«У меня есть одна слабость: мне хочется возможно большее число людей приохотить к писательству, — писал Паустовский задолго до того, как пришел в институт руководить семинаром. — Сожаление о зря погибающем великолепном материале преследует меня непрерывно. К таким людям я обыкновенно пристаю с просьбой описать пережитое, но почти всегда наталкиваюсь на неверие в собственные силы, на испуг и, наконец, на ироническую усмешку. Плоская мысль, что писательство — легкое занятие, до сих пор колом стоит в мозгах многих людей. Большинство ссылается на свое исключительное пристрастие к правдивости, полагая, что писательство — это вранье. Они не подозревают, что факт, поданный… с опусканием ненужных деталей и со сгущением нескольких характерных черт, освещенный слабым сиянием вымысла, вскрывает сущность вещей во сто крат ярче и доступнее, чем правдивый и до мелочей точный протокол».

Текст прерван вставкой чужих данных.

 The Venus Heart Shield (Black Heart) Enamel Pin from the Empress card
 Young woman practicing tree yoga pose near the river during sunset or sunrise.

В семинаре у Паустовского были самые разные люди. В основном — пришедшие в институт не со школьной скамьи. Война в той или иной степени и форме была у каждого за плечами. Даже у вчерашних школьников жизненный опыт не ограничивался двойками и пятерками, и экзамены, которые приходилось им держать, оказывались посложнее экзаменов на аттестат зрелости.
Лева Кривенко, угловатый и несговорчивый, еще носил черную шинель и флотскую фуражку — морская пехота. Дима Поляновский тоже не снимал военного кителя. И не по причине особого пристрастия к военной форме, а из-за элементарного отсутствия гражданского костюма. Купить его на знаменитой тишинской толкучке никому из нас не было под силу.
Иосиф Дик, вернувшийся с войны с тяжелыми ранениями, всех заражал своей жизнерадостностью и на первом нашем коллективном сборнике весело и дерзко написал: «Константин Георгиевич! Иду на вы!» (Константин Георгиевич, прочитав надпись, одобрительно усмехнулся.)
Николай Старжинский и Галя Можарова были значительно старше, но семинар всех уравнивал в правах. Настя Перфильева и Макс Бременер писали рассказы для детей, и Константин Георгиевич хвалил их за то, что им удалось избежать столь частого, к сожалению, приспосабливания к маленькому читателю. Он вспоминал о Гайдаре, с которым дружил, и ставил его в пример, — Гайдар доказал, что книга для детей должна быть такой же достоверной, проникновенной и умной, как и любая другая книга.
Тогда же и несколько позднее в семинаре у Паустовского занимались Владимир Тендряков, Юрий Бондарев, Григорий Бакланов, Юрий Трифонов. (С тех пор прошло более четверти века. Все, о ком я говорю, уже давно работают в литературе, и читатели встречают их имена на страницах журналов, на обложках книг. А тогда мы все только мечтали, что так когда-нибудь случится, — правда, не только мечтали, но готовились к этому.)
Константин Георгиевич обычно выступал в конце, не оставляя, как я уже говорил, за собой последнего, непререкаемого слова. И любой рассказ — пусть и далекий от совершенства — становился поводом для серьезного, по самому большому счету, разговора о литературе, в котором писательский труд оборачивался самыми разными гранями.
Разговор мог начаться хотя бы с того, что в услышанном на этот раз рассказе порыв ветра хлопал оторванным ставнем, мешая герою сосредоточиться. Подробность? Деталь?.. Конечно, просто деталь. Но без таких деталей, казалось бы незначительных, никому еще не удавалось создать яркую и точную картину происходящего.
Вот на фронте в первую мировую войну, когда Константин Георгиевич служил санитаром, аэропланы только начинали принимать участие в боевых действиях, и бомбежки с воздуха не были таким уж частым явлением. А как теперь, много лет спустя, передать острую новизну ощущения, что смерть может в самом прямом смысле свалиться с неба?
Способов, понятно, множество, и вот один из них: после нескольких налетов, лошадь, таскавшая двуколку, при каком-нибудь подозрительном шуме начинала поглядывать в небо, скособочив голову.
В другой раз речь заходила о сюжете.